Interview: Haifaa Al-Mansour And Her Cinema Of Change

Cinema, Haifaa Al Mansour, Celebrity, Filmmaker, The Perfect Candidate, Dubai
“It’s difficult for people to accept, for example, a woman in the street, so I had to be in a van and direct”

This was Haifaa al-Mansour in 2012 in Dubai, after the Gulf premiere of her debut feature, answering our question about the biggest challenge she faced in directing Wadjda on the streets of Riyadh.

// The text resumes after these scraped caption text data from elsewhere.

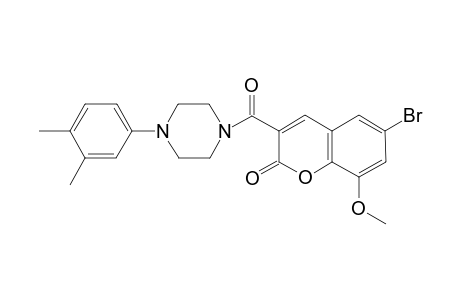6-Bromanyl-3-[4-(3,4-dimethylphenyl)piperazin-1-yl]carbonyl-8-methoxy-chromen-2-one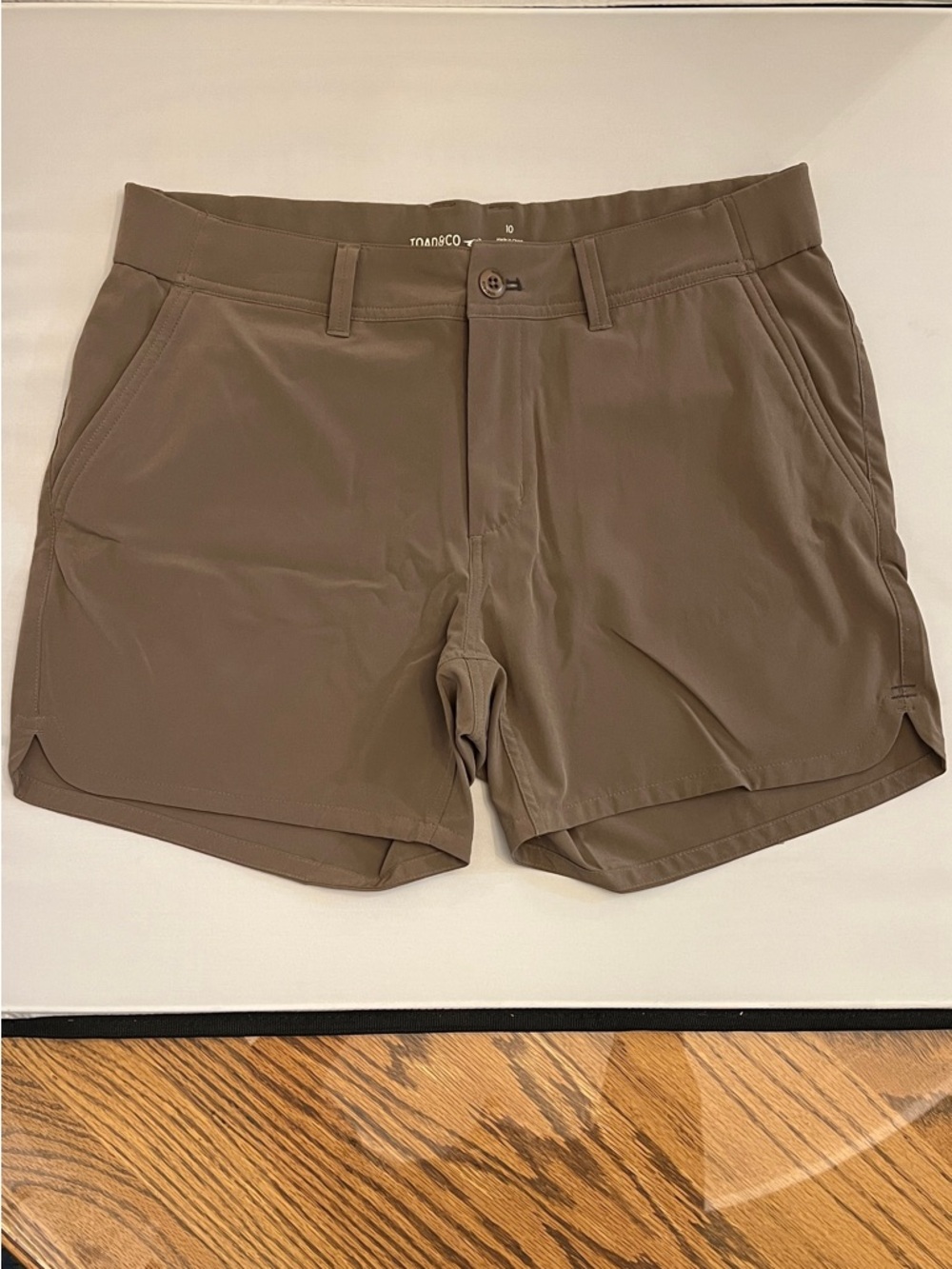 Toad&Co women’s Flat Front Shorts - dark beige. Size 10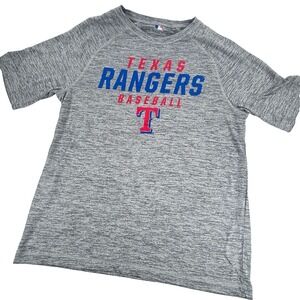 Texas Rangers Baseball Youth T Shirt Gray Short‎ Sleeve MLB Licensed M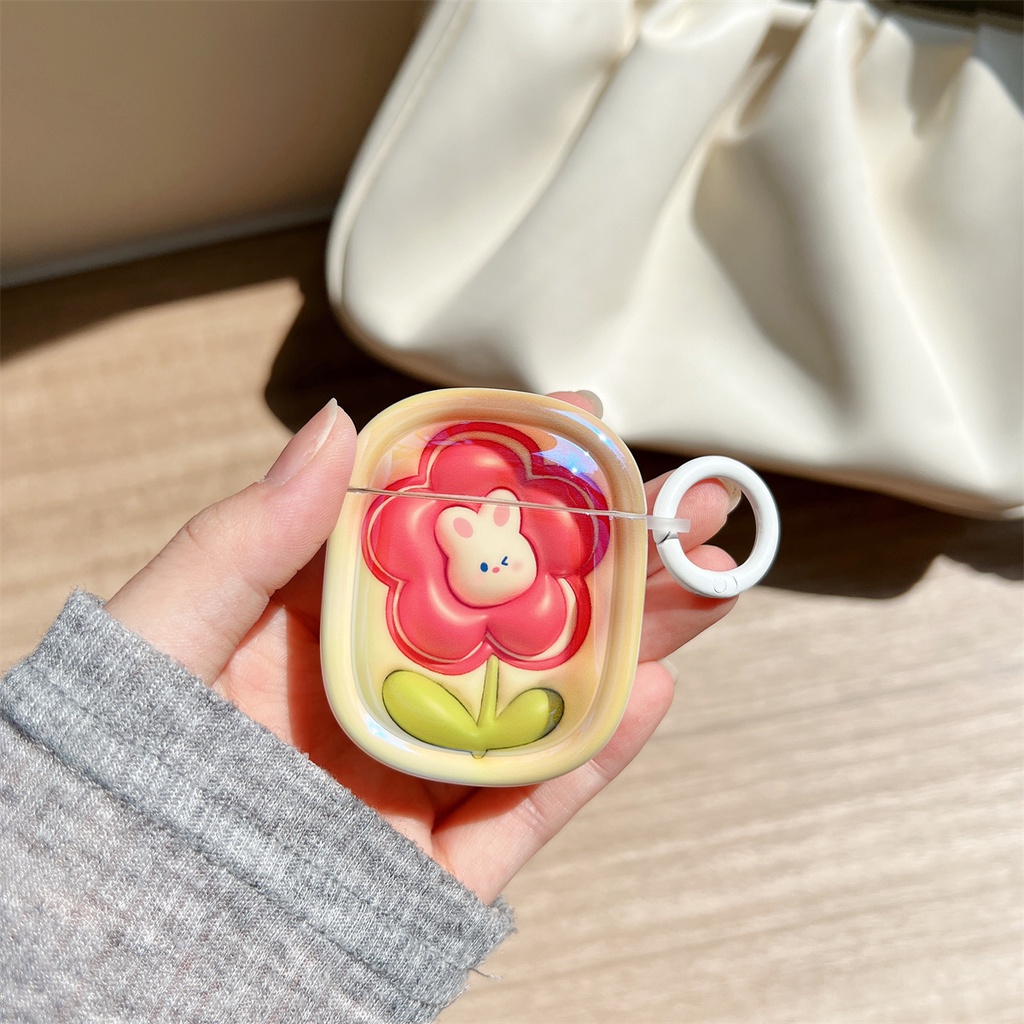 Vỏ Bảo Vệ Hộp Sạc Tai Nghe Bluetooth AirPods 1 2 Gen3 Pro2 Bằng TPU Dẻo Trong Suốt Họa Tiết Hoa Sơn Dầu Dễ Thương Kèm Móc Treo Tiện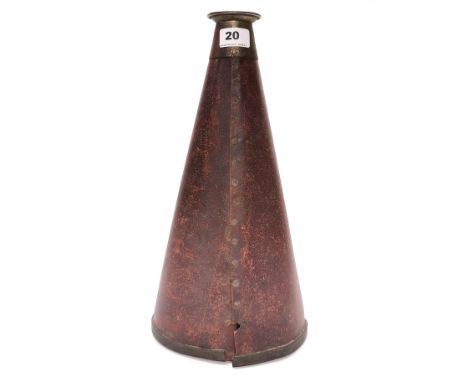 A 19th century patent Stentor megaphone (ear trumpet) made of pressed card and silvered copper, H. 39cm. Prov. Estate of the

The Perfect Candidate Press Conference with Haifaa al-Mansour

La Biennale di Venezia

Fast forward seven years and now not only can women drive in Saudi — and the protagonist in al-Mansour’s latest The Perfect Candidate does so confidently throughout — but the filmmaker admits, “I don’t have to be in the van anymore!” In fact, she adds “once the police came and stopped someone who wanted to obstruct us, he didn’t like us to film and we had permission.” Not to mention that the Kingdom of Saudi Arabia started allowing cinemas for the first time since 1983, participated with their own Saudi Film Council pavilion in Cannes in 2018, where al-Mansour was on a panel about Arab women filmmakers, and there are plans for an inaugural Red Sea International Film Festival in Jeddah in the spring of 2020.

La Biennale di Venezia

It would be simplistic to call Haifaa al-Mansour a cinema ambassador. And yet that word befits the petite, well spoken filmmaker to a “t”. Al-Mansour is a woman just as easily at home shooting on the streets on Riyadh as she is hobnobbing with Hollywood stars. She is a staple at the Venice Film Festival, where this year she premiered The Perfect Candidate as one of only two women filmmakers participating in the main Competition.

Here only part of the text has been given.